Single by 2PM

from the album Grown
- Released: May 6, 2013
- Recorded: 2013
- Genre: K-pop; Electropop; R&B;
- Length: 3:38
- Label: JYP
- Songwriters: Park Jin-young; Ok Taec-yeon;
- Producer: Park Jin-young

2PM singles chronology
| "Masquerade" (2012) | "Comeback When You Hear This Song" (2013) | "A.D.T.O.Y." (2013) |

Music video
- "Comeback When You Hear This Song" on YouTube

= Comeback When You Hear This Song =

2013 single by 2PM

"Comeback When You Hear This Song" is a song recorded by South Korean boy group 2PM. It is one of two title tracks for their studio album Grown, released by JYP Entertainment on May 6, 2013.

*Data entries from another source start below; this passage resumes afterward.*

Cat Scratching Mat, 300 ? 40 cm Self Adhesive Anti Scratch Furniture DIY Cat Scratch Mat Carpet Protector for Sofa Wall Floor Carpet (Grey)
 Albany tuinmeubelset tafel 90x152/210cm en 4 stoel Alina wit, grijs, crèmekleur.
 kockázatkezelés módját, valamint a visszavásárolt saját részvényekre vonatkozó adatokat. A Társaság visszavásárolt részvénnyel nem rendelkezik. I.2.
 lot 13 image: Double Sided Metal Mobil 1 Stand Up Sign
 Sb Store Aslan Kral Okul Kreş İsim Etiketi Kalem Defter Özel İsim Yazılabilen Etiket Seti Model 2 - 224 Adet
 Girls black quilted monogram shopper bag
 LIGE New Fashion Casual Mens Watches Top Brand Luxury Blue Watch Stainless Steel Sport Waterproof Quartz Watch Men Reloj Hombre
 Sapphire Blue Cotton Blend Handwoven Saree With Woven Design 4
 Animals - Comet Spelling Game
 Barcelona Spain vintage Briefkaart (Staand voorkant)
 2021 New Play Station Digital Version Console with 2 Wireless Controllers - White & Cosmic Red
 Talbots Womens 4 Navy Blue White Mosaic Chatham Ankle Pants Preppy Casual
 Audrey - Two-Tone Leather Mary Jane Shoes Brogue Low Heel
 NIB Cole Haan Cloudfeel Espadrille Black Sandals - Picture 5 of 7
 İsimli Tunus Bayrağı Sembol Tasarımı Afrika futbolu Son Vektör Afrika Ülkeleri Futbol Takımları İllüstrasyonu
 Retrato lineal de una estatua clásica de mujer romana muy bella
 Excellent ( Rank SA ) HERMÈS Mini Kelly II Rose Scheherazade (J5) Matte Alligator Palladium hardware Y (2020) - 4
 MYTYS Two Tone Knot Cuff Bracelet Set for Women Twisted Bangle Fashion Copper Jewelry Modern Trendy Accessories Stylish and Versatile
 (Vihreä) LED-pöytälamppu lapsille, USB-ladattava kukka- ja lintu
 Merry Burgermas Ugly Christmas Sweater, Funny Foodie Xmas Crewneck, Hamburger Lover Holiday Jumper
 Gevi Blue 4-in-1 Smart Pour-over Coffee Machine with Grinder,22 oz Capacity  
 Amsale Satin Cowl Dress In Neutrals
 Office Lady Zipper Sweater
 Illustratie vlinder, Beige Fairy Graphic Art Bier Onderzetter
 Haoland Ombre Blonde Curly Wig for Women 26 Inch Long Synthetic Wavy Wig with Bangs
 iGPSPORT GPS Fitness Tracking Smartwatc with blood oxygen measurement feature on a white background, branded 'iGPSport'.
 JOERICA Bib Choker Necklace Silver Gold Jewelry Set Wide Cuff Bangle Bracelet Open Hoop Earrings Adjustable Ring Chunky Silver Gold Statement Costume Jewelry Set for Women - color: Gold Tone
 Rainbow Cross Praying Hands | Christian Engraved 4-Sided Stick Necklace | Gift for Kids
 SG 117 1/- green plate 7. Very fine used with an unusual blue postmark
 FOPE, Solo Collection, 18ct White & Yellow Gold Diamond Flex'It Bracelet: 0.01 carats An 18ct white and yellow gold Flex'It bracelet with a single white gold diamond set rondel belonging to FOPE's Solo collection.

==Background and release==
On April 29, 2013, JYP Entertainment revealed the title and track list of 2PM's third studio album, Grown, which would feature a double title track: "Comeback When You Hear This Song" and "A.D.T.O.Y." On May 6, 2013, 2PM released the music video for "Comeback When You Hear This Song" and digitally released the album Grown, minus the second title track, "A.D.T.O.Y."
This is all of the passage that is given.